Non-destructive study of collision cascade damage in self-ion irradiated tungsten using HR-EBSD and ECCI

TL;DR

This study demonstrates the use of advanced SEM techniques, ECCI and HR-EBSD, for non-destructive, multi-scale analysis of irradiation-induced defects and strain fields in tungsten, revealing microstructural evolution with dose.

Contribution

It introduces a non-destructive SEM-based approach combining ECCI and HR-EBSD for detailed analysis of irradiation damage in tungsten, overcoming limitations of traditional TEM methods.

Findings

Damage microstructure evolves from nano-scale defects to string structures with dose.

Significant heterogeneity in lattice strains appears at 0.1 dpa and saturates at 0.32 dpa.

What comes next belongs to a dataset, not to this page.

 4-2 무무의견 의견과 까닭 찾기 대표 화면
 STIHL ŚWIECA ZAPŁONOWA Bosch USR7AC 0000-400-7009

SEM techniques enable rapid, multi-scale, non-destructive characterization of irradiation damage.

Abstract

Understanding defect production and evolution under irradiation is a long-standing multi-scale problem. Conventionally, experimental examination of irradiation-induced defects (IIDs) has mainly relied on transmission electron microscopy (TEM), which offers high spatial resolution but requires destructive sample preparation. Furthermore, limited field of view and low strain sensitivity make multi-scale characterisation and quantitative strain measurements difficult. Here we explore the potential of using advanced techniques in the scanning electron microscope (SEM) to non-destructively probe irradiation damage at the surface of bulk materials. Electron channelling contrast imaging (ECCI) is used to image nano-scale irradiation-induced defects in 20 MeV self-ion irradiated tungsten, the main candidate material for fusion reactor armour. The results show an evolution of the damage microstructure from uniformly and randomly distributed nano-scale defects at 0.01 dpa (displacement per atom) to string structures extending over hundreds of nanometres at 1 dpa. Cross-correlation based high-resolution EBSD (HR-EBSD) is used to probe the lattice strain fields associated with IIDs. While there is little strain fluctuation at 0.01 dpa, significant heterogeneity in the lattice strains is observed at 0.1 dpa, increasing with dose until saturation at 0.32 dpa. The characteristic length scale of strain fluctuations is ~500 nm. Together, ECCI and HR-EBSD reveal a transition from a structure where defects are disordered to a structure with long-range order driven by elastic interactions between pre-existing defects and new cascade damage. This study demonstrates that SEM provides an attractive tool for rapid throughput, non-destructive, multi-scale and multi-aspect characterisation of irradiation damage.